**** Data for review

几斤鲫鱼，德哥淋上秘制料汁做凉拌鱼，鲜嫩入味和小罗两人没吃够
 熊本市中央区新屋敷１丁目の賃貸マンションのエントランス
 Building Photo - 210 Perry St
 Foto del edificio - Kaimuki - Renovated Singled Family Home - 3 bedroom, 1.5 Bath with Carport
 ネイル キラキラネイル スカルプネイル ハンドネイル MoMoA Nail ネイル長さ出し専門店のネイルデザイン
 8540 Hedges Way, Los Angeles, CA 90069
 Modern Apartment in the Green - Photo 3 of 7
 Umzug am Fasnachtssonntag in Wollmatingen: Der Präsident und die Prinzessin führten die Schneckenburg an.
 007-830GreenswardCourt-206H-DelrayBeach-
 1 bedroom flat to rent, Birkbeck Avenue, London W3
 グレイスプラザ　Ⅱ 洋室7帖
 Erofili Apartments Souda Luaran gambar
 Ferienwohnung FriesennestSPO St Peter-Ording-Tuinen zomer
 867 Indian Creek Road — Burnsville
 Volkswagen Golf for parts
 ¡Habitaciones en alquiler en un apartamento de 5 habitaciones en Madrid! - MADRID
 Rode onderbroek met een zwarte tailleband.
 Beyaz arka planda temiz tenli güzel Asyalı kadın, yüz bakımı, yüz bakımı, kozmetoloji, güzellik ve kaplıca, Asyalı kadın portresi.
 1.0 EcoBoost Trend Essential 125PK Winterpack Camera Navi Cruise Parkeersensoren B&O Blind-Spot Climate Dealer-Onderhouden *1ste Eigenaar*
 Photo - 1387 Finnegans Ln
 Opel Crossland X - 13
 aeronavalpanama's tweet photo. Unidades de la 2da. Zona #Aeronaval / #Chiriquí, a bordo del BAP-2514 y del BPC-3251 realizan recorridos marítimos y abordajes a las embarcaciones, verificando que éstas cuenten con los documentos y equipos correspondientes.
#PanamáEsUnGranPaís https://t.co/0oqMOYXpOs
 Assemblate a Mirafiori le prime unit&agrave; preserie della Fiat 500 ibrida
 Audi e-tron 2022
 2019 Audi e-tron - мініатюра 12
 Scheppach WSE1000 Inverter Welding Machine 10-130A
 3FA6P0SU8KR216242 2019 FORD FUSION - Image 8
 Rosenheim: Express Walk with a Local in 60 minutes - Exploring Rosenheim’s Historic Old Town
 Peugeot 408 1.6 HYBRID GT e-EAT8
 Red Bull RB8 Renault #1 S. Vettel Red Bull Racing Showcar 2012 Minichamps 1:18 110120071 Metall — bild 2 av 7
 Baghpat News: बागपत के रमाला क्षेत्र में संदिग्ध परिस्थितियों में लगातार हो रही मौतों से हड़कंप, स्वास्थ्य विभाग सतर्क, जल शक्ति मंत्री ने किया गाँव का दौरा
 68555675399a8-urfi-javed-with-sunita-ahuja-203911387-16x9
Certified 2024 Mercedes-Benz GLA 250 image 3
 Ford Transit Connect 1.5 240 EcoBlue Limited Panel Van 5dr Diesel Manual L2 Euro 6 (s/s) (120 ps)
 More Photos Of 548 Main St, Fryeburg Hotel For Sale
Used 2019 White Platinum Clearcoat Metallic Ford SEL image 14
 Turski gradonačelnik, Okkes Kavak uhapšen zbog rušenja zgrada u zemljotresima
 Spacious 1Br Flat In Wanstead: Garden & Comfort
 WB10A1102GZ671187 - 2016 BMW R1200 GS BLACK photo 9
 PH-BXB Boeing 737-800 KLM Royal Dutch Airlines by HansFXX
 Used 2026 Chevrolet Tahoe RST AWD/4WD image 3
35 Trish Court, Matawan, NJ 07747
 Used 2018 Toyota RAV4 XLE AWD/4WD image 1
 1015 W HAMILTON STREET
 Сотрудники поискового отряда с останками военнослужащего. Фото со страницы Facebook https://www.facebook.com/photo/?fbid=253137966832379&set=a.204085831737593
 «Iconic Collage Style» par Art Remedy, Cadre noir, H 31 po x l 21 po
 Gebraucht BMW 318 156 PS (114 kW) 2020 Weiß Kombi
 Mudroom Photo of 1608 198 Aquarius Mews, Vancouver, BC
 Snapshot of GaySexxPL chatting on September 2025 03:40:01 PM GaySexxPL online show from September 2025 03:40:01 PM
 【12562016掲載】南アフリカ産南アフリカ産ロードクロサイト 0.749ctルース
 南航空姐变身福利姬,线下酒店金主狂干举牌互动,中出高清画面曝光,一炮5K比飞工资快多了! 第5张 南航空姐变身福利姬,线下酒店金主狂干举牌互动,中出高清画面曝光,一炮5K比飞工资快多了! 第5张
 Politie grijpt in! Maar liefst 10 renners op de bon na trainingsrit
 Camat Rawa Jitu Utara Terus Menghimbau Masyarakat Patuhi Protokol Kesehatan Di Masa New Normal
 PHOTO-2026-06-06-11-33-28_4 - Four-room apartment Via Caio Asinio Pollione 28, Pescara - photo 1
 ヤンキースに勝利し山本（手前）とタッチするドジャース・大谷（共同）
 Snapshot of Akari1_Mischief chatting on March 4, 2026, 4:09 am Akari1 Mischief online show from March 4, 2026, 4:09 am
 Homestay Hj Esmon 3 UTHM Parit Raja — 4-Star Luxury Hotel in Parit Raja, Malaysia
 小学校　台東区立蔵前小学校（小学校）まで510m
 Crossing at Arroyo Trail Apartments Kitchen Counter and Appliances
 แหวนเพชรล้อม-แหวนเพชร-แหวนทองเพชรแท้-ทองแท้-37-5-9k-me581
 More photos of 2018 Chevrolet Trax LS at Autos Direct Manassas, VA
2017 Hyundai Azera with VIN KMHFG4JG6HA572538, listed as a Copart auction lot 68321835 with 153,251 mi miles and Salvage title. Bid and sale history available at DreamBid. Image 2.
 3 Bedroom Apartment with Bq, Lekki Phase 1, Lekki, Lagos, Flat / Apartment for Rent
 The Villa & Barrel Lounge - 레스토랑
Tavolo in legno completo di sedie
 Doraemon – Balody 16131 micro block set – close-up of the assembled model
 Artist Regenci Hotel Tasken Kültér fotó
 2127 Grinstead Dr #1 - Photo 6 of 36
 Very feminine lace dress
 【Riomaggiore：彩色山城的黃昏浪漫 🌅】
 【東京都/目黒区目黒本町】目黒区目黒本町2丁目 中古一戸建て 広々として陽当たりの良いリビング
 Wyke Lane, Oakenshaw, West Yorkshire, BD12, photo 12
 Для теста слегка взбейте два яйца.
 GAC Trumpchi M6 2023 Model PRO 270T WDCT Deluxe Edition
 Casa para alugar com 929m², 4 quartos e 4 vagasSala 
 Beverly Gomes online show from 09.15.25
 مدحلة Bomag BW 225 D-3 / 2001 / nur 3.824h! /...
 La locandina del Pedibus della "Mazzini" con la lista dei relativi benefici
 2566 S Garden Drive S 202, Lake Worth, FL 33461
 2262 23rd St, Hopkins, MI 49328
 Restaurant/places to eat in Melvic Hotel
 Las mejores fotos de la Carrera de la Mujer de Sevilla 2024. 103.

********

:: Task instructions ::
Bring together every line in the entries that holds the string "https".

:: Result ::
#PanamáEsUnGranPaís https://t.co/0oqMOYXpOs
 Сотрудники поискового отряда с останками военнослужащего. Фото со страницы Facebook https://www.facebook.com/photo/?fbid=253137966832379&set=a.204085831737593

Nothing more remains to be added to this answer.